(Records from a collection)

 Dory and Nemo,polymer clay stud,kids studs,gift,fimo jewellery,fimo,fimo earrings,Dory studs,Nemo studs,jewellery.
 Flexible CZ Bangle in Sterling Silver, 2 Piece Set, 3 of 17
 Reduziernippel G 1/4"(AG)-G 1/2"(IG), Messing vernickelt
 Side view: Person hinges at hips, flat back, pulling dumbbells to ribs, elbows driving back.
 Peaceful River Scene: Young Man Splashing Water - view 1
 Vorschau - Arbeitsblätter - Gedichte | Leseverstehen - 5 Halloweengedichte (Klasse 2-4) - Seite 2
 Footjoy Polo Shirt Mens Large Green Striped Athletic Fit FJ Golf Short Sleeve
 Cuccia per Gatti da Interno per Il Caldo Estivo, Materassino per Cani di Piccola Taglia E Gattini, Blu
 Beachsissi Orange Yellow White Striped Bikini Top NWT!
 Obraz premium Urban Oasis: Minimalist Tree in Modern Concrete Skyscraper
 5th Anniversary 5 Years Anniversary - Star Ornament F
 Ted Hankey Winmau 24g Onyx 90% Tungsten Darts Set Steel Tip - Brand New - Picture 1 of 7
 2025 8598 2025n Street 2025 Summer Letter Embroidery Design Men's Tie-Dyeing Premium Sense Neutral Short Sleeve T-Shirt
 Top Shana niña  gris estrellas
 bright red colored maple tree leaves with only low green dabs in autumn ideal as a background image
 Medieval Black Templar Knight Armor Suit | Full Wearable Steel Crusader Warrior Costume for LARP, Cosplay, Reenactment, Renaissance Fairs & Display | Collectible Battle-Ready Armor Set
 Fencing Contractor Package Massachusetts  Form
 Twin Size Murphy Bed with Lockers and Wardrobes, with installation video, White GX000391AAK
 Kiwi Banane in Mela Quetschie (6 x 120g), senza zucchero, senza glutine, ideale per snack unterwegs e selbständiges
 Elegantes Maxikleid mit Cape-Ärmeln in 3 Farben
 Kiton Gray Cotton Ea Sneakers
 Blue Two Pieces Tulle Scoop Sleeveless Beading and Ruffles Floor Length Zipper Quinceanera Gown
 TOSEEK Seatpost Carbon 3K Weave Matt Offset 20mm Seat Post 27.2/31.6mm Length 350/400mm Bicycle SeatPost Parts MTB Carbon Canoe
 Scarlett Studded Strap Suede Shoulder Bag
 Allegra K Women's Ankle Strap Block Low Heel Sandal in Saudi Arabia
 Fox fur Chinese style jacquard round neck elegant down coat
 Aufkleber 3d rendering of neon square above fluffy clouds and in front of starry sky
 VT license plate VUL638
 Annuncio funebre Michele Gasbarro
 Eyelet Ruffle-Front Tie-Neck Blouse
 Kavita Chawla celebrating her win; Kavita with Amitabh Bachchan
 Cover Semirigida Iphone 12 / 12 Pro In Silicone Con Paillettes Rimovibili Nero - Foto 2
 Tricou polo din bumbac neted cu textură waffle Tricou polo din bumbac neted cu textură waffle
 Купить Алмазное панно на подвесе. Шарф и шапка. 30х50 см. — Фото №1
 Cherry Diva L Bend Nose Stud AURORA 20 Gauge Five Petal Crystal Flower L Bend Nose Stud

Exercise: In the records above, how many lines include the string "Short"? Answer with only the number.

Solution to this task: 2